Well they use xenophobe regularly when one is critical of migrant waves. Therefor its very appropriate in this thread.
That's the usual go-to knee-jerk reaction anyway.
When the migrant crisis started, and by that I mean THE migrant crisis following the Arab Spring/Islamist Winter and the war in Syria (with Turkey using migrants and refugees as bargaining chips to get money from Merkel), there were lots of concerns.
Obviously some of these concerns were finding their roots in pure unabashed xenophobia and racism.
Some others of these concerns were more grounded in reality and pragmatism, in short: what do we do with them? And along with it came: how do we do that?
The concern was in term of infrastructure and funding. Which is, in my views at least, something that could qualify as a legitimate kind of concern (even more so since that crisis was taking around winter).
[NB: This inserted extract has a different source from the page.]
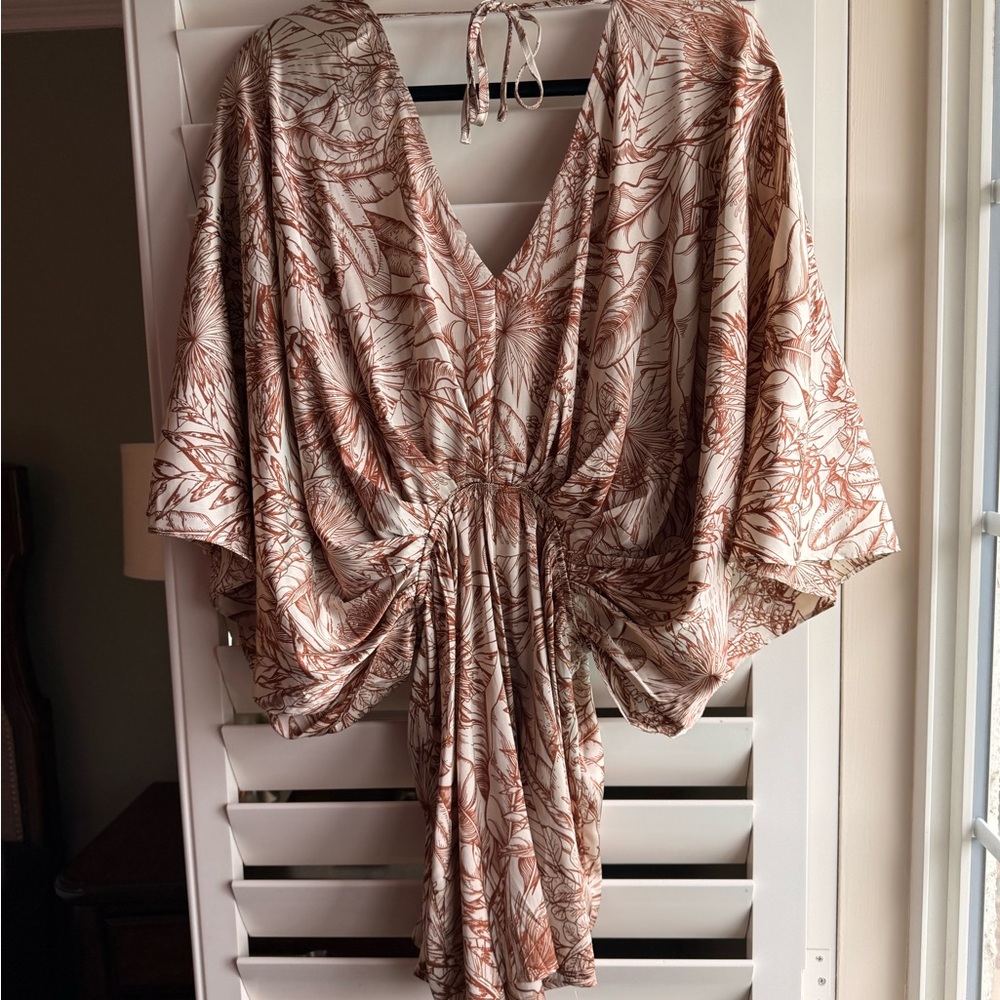 Beige and Brown Leaf Print Garment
Thing is, each and every year, especially when winter starts, the media feels the need to remind us: winter is cold, homeless people don't have shelters, homeless people die in the street because it's cold and they don't have shelter.
Ok, that is genuinely dramatic. And it's a thing that has been going on for years, if not since forever. Yet nothing, if not very little, has been done for years, if not since forever.
But, somehow, to go back to the migrant crisis, the government was able to find places and fund structures to house and shelter these migrants and refugees. Thumbs up to the gov, but some quickly started to wonder and ask: how come you are able to pull that one out in such a short period of time for that population, when we have been asking for the same thing for years in order to help the homeless?
"Oh well, you are only talking and caring about the homeless now because you are a racist who hates migrants."